İşte Filiz Eryılmaz'ın konuşmasından öneli detaylar:
"19 mart olayları sonrasında artık bizim politika sonucu olarak enflasyona değil enflasyonun dışında risklerin oluştuğu bir sürece evrilmiş olduk. Kurların yukarı doğru gittiği ve kurları belirli bir stabilizasyonda tutmak iççin merkez bankası 60 milyar dolar satmak zorunda kaldı.
"SADECE CARRY TRADE DEĞİL TAHVİL VE BOND DA ARTMALI"Ancak buna rağmen piyasada tam anlamıyla bir güven yok. 19 Mart sonrası için şimdiden çıkmış oldu. 19 sonrası siyasetin ekonomiye etkisiyle birlikte sürecin daha da uzadığı bir evreye geçmiş olduk. Sadece carry trade girişlerinde değil tahvil ve Bondlarda da bir giriş olmalı. Merkezin hızlı girişim almış olması önemli ancak piyasalarda bundan sonra daha kötüsü ne olabilir bundan sonra ne olabilir sorgulamalarının devam ettiği görünüyor. Sadece yabancı değil içerideki yatırımcıları da etkiliyor.

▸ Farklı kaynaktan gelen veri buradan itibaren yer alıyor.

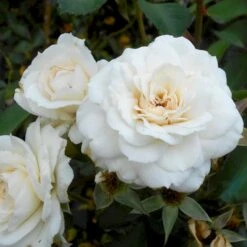 'White New Dawn' Rosa X 'White New Dawn' A-Kvalitet,- Barrods Roser Min. 3 Grene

"EN ÖNEMLİ METRİK KUR METRİĞİ"Ekonomi dışı etkenlerle güvenin kaybolması hem tüketim hem de üretime karşı kendinizi kapattığınız kararlarınızı ötelediğiniz bir süreçle karşı karşıya karşılıyorsunuz. Yakın vadede ekonomiyle güveni bağdaştırdığınızda en nemli metrik kur metriği olacaktır. Dolayısıyla kurlarda belirsizlik ve güvensizlik kaynaklı yukarı yönlü bir ivmelenmenin olmaması gerekiyor. Programın çalışması için şarttır. Güven olmadığı sürece hem kurlardaki baskıyı hem de CDS'i daha çok hissettiğiniz bir dönem olacaktır."

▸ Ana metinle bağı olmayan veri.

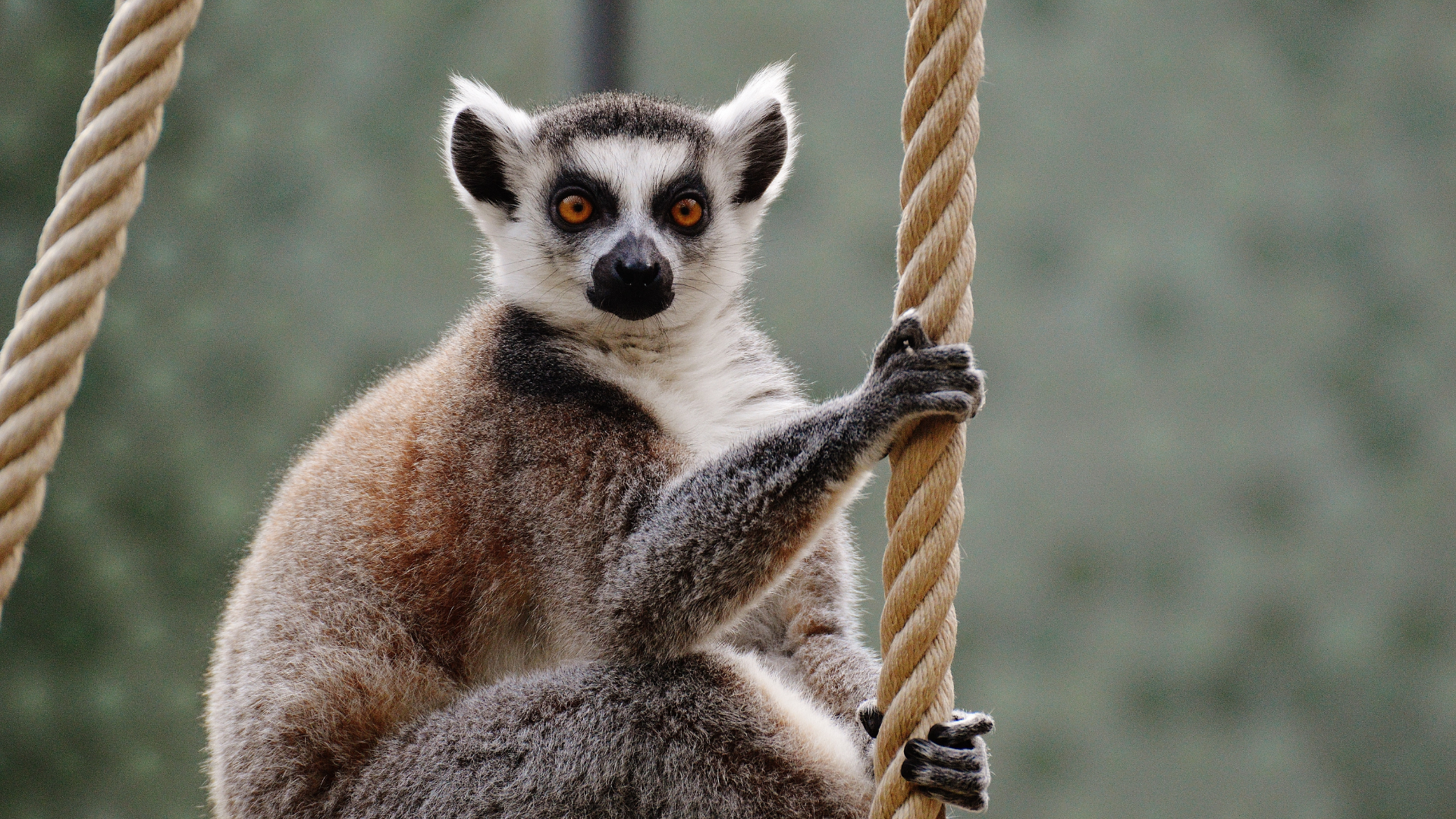 Ova Vanilla — Maison de négoce, Marseille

Mehmet Şimşek'in Nureddin Nebati'den görevi devraldığının ikinci senesinde enflasyonla mücadelede çıkılan yolda ikinci plana atıldığını vurgulayan Eryılmaz, şu anki sorunun "İlk indirim haziran mı yoksa temmuzda mı yapılacak?" sorusu olduğunu belirterek sorunun cevabının Merkez Bankası'nda olduğunu vurguladı.
Eryılmaz konuşmasını şöyle tamamladı:
"Para politikasının görevini teslim etmek lazım. Maliye politikasının merkez bankasının yalnız kaldığı ve işini zorlaştırdığı sürece evrilmiş bulunuyoruz. Maliye politikası için de 'yeterince enflasyonla mücadeleye destek olamadı' tasarrufu var kamuoyunda. 19 Mart sonrası bu tartışmalardan uzaklaştık. En azından para politikasında istikrar ve enflasyondaki düşüş ve faizlerdeki inişi ne zaman tartışabiliriz ciddi anlamda.

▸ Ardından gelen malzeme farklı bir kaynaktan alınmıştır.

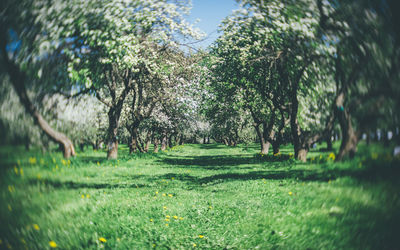 Trees in park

Makroekonomik koşulların ikinci plana itildiği 'Merkez Bankası'nın yeterince gücü var mı?' gibi tartışmalar var. Keşke tek odağımız bu noktada enflasyonla mücadele olsaydı. Ancak şu an tartıştığımız konu 'ilk faiz indirimi haziranda mı yoksa temmuzda mı olur'. Bu sorunun cevabını enflasyon vermeyecek bu sorunun cevabını finansal piyasa metrikleri verecek ve bununla bağlantılı Merkez Bankası ne kadar güçlü ve kademeli istikrarlı rezerv biriktiriyor bu teminat veriyor olacak. O nedenle enflasyonu bile ikinci plana attığımızı bir süreçteyiz.
Belirsizlik risk piyasalar açısından sıkıntılı. Doğru adımları atıyor olsanız da güveni bir kere kırdığınızda yeniden inşa edemezseniz istediğiniz sonuçları sağlayamadığınız bir noktaya evrilirsiniz."